[Tiki-devel] Convert your site to Tiki and increase your traffic...

[Tom J. <tom...@ag...>]

Unfortunately it isn't the kind of traffic anybody would want.

There is a Tiki register bot that goes to Tiki sites and tries to 
register on them.  There are lots of malicious bots out there that 
search for things like WordPress, Drupal, and Tiki sites, but this one 
targets just Tiki sites.  It doesn't go randomly to all the sites on the 
server, it has a list of the Tiki sites and in some cases specific pages 
on those Tiki sites.

You can recognize this bot by a couple of things.  Since it isn't a 
human using a browser with an agent string, it has a set of 16 agent 
strings that it randomly uses, even changing between the 16 agent 
strings during the same visit.  (I wish there was something I could add 
to .htaccess to block and IP address if it changes agent strings during 
its visit.)
And even the very first time that IP address visits your site it has a 
referrer string that says it is being referred from your site. (Note 
that most search engine spiders do this too.)
Plus, if you check the IP addresses against the Stop Forum Spam 
(http://www.stopforumspam.com/) database of reported forum spammers, you 
will find a very high percentage of them are the IP addresses of 
reported spammers.

The bots usual visit goes:
GET /          (Always with your site as the referrer)
GET /HomePage
GET /tiki-register.php

And sometimes it goes:
GET /OneOfYourTikiPages      Always with your site as the referrer
GET /tiki-register.php

And sometimes it goes:
GET /          Always with your site as the referrer
GET /HomePage
GET /tiki-login.php

It goes for the tiki-register and tiki-login even if there are no links 
on any of your pages to those Tiki pages.

On Sunday afternoon I converted a website from using just html, to use 
Tiki 9.5.  It had been an html site since 2007.  The site has never had 
many visitors, the average number of visitors per day in May was 10 
(that count includes search engine spiders).

While I set up Tiki, I routed visitors to a "under maintenance" page.  
Once it was basically ready, I opened the site to visitors and the first 
visitor that got the Tiki version of the site was at 16/Jun/2013:17:03:00

The first access by the tiki register bot was at 18/Jun/2013:03:49:53.  
Just 34 hours and 46 minutes after the Tiki site was available.

And between then (18/Jun/2013:03:49:53) and now (19/Jun/2013:23:28:07) 
there have been 210 accesses of tiki-login.php, every single one of them 
by an IP address using one of those 16 agent strings I mentioned.

Since there were visits by only 29 different IP addresses between the 
time the site was an active Tiki site and the first visit by the 
spammers bot, I figured that one of those IP addresses was the IP 
address of the search engine the spammer uses to find Tiki sites.  And I 
think I have identified which one it was.

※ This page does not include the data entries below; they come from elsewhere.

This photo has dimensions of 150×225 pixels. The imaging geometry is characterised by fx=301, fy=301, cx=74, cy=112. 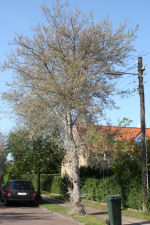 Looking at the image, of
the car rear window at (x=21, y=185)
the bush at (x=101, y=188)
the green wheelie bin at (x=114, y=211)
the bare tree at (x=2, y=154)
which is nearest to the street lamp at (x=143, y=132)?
the bush at (x=101, y=188)

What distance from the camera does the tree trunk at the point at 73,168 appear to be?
1336 cm

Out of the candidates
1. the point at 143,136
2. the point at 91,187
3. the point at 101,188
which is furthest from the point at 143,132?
the point at 91,187

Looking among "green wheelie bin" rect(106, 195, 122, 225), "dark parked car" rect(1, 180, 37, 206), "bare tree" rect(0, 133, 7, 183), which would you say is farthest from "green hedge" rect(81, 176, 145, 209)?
"bare tree" rect(0, 133, 7, 183)

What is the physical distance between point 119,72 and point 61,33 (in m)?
3.25

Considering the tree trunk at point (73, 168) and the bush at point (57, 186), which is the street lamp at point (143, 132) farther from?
the bush at point (57, 186)

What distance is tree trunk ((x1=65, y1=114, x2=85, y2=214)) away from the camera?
13.4 m

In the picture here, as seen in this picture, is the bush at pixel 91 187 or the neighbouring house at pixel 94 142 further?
the bush at pixel 91 187

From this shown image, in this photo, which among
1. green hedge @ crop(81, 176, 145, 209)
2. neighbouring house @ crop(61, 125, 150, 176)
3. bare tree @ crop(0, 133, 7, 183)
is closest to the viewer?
neighbouring house @ crop(61, 125, 150, 176)

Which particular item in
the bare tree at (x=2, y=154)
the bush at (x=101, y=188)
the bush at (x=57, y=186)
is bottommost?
the bush at (x=57, y=186)

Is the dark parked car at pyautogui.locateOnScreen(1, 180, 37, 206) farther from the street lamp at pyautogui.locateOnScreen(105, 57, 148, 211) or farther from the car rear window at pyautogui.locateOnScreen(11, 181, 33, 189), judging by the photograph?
the street lamp at pyautogui.locateOnScreen(105, 57, 148, 211)

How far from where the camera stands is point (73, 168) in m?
13.9

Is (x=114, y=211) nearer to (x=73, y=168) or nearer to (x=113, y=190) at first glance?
(x=73, y=168)

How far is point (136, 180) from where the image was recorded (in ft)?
48.7

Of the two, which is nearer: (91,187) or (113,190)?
(113,190) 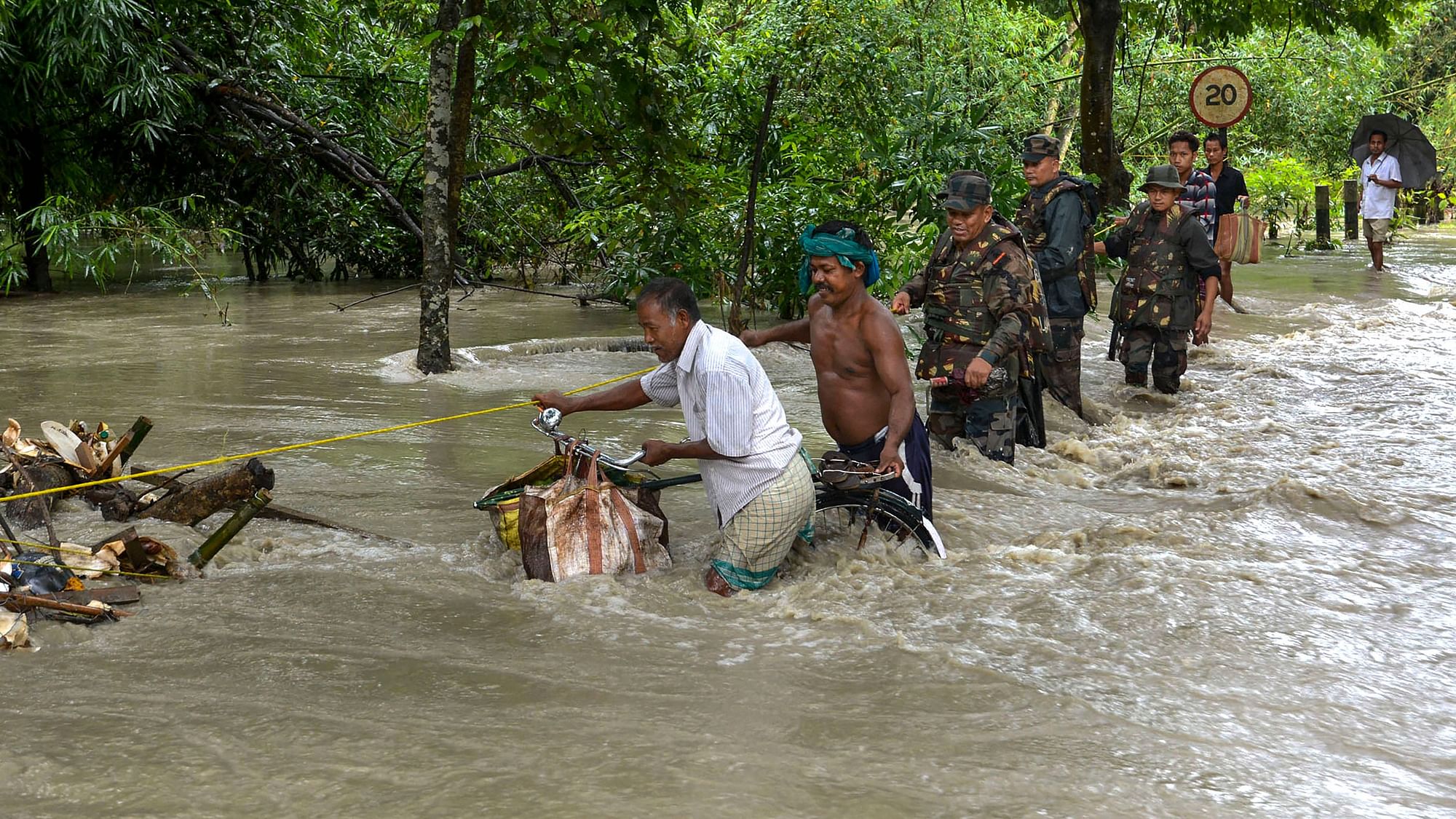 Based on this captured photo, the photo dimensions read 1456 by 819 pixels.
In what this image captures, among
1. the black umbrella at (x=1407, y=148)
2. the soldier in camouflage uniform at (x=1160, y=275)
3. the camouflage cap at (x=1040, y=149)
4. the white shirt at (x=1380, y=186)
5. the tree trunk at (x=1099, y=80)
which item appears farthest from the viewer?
A: the black umbrella at (x=1407, y=148)

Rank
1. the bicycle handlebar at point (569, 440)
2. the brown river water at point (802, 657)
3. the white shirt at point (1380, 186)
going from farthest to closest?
the white shirt at point (1380, 186)
the bicycle handlebar at point (569, 440)
the brown river water at point (802, 657)

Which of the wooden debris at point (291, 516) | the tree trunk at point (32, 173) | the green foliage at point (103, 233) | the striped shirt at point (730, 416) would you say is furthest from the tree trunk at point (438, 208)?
the tree trunk at point (32, 173)

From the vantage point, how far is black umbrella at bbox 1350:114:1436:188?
16047 mm

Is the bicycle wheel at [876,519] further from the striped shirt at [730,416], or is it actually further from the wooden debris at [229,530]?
the wooden debris at [229,530]

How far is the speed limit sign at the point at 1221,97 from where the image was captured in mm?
11109

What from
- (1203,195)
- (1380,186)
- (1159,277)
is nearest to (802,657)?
(1159,277)

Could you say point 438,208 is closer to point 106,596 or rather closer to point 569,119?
point 569,119

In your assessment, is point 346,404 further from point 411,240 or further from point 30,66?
point 411,240

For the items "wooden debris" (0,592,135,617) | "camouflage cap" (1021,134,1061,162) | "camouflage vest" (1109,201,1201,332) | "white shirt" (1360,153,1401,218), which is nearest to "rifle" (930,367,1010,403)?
"camouflage cap" (1021,134,1061,162)

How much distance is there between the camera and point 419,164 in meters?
13.5

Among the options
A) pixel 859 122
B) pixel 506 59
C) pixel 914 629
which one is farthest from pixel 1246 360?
pixel 914 629

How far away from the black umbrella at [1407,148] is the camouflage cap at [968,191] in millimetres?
11947

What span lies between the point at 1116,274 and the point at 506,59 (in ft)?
36.5

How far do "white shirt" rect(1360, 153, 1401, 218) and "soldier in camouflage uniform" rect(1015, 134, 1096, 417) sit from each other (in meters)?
9.92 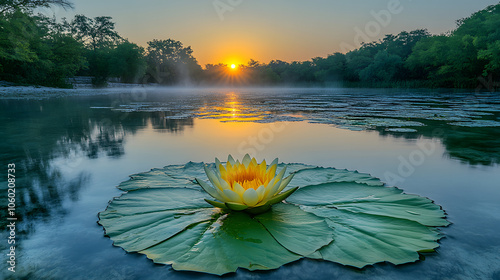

54.226.103.57 - - [17/Jun/2013:00:46:07 -0500] "GET / HTTP/1.1" 302 - 
"-" "Mozilla/5.0 (compatible; URLAppendBot/1.0; 
+http://www.profound.net/urlappendbot.html)"

and then the next 2 URLs it went for, after being redirected to the Tiki 
home page, were:

54.226.103.57 - - [17/Jun/2013:00:46:49 -0500] "GET 
/tiki-remind_password.php HTTP/1.1" 200 17414 "-" "Mozilla/5.0 
(compatible; URLAppendBot/1.0; +http://www.profound.net/urlappendbot.html)"
54.226.103.57 - - [17/Jun/2013:00:46:52 -0500] "GET /tiki-register.php 
HTTP/1.1" 200 24258 "-" "Mozilla/5.0 (compatible; URLAppendBot/1.0; 
+http://www.profound.net/urlappendbot.html)"

Even though there were not links on the home page to either of those.  I 
did not have registration turned on and I had deleted the Login module 
before I allowed the first visitor to the site.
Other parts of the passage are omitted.